The byte code dump of the interpreter:

0: const_32 dstOffset: 0 value: 0
24: const_32 dstOffset: 8 value: 1
48: const_32 dstOffset: 16 value: 0
72: i32.add srcOffset[0]: 0 srcOffset[1]: 8 dstOffset: 32
96: move_64 srcOffset: 8 dstOffset: 0
120: move_64 srcOffset: 32 dstOffset: 8
144: const_32 dstOffset: 40 value: 1
168: i32.add srcOffset[0]: 16 srcOffset[1]: 40 dstOffset: 16
192: const_32 dstOffset: 40 value: 10000000
216: i32.lt_u srcOffset[0]: 16 srcOffset[1]: 40 dstOffset: 32
240: jump_if_true srcOffset: 32 dst: 72
264: end resultOffsets: 16

It uses move_64 operations, and jit simply translates them to 64 bit movs.

ksh8281 commented 1 year ago

IMO Using mov64 in interpreter is wrong I will look it

clover2123 commented 1 year ago

(Actually not related to this issue) I have a question about stack area. In JIT code, where are operands and temporal values of bytecode located? Native stack area like interpreter mode or separate heap area allocated only for JIT? Is this also right that register %r15 is reserved to point to stack address?

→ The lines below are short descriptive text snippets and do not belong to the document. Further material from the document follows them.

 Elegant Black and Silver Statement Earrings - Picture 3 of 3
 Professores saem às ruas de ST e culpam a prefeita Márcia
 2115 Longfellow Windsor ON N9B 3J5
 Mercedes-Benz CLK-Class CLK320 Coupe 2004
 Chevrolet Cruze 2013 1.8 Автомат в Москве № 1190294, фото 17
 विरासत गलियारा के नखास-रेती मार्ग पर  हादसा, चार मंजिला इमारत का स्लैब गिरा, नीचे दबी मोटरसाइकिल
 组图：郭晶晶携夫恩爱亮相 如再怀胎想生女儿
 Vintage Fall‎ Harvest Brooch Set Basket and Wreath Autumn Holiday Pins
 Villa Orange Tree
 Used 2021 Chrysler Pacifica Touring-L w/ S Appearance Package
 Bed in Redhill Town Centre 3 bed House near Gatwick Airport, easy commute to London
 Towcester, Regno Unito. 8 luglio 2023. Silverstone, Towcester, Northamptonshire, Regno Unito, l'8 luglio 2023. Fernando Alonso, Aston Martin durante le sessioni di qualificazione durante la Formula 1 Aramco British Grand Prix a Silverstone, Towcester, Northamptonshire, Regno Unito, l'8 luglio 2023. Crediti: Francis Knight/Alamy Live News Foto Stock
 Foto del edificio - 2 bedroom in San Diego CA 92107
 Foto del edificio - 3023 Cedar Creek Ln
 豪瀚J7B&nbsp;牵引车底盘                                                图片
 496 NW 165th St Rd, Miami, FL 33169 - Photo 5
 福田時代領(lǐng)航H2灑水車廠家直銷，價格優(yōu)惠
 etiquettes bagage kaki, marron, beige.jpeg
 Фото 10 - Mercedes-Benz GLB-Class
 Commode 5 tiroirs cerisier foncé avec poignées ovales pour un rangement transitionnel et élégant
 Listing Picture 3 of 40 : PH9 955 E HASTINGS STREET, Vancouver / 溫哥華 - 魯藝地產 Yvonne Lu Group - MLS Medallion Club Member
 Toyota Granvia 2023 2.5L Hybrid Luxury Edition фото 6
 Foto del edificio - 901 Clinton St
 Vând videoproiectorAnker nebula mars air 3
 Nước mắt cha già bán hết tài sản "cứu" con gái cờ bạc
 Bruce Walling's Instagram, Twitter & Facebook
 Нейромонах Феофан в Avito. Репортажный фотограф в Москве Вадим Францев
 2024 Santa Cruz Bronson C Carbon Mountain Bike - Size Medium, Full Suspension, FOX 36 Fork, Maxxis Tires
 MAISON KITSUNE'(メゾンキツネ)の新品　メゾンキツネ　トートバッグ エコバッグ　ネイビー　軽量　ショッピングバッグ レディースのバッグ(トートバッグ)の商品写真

zherczeg commented 1 year ago

For simplicity, it uses the area allocated by interpreter. Basically the interpret() call is replaced by a native call. I don't think it is worth to have a different stack layout for jit. As for optimizations, any stack area improvement would be beneficial for both jit and interpreter in the same way.

ksh8281 commented 12 months ago

Recent version of interp produces this result

required stack size: 48 bytes
required stack size due to local: 24 bytes
bytecode size: 242 bytes

     0 const32 dstOffset: 32 value: 0
    16 move32 srcOffset: 32 dstOffset: 0
    32 const32 dstOffset: 32 value: 1
    48 move32 srcOffset: 32 dstOffset: 8
    64 const32 dstOffset: 32 value: 0
    80 move32 srcOffset: 32 dstOffset: 16
    96 I32Add src1: 0 src2: 8 dst: 32
   112 move32 srcOffset: 8 dstOffset: 0
   128 move32 srcOffset: 32 dstOffset: 8
   144 const32 dstOffset: 40 value: 1
   160 I32Add src1: 16 src2: 40 dst: 16
   176 const32 dstOffset: 40 value: 10000000
   192 I32LtU src1: 16 src2: 40 dst: 32
   208 jump_if_true srcOffset: 32 dst: 96
   224 end resultOffsets: 16
zherczeg commented 11 months ago

this looks better! Thank you! The simple test is twice as fast now.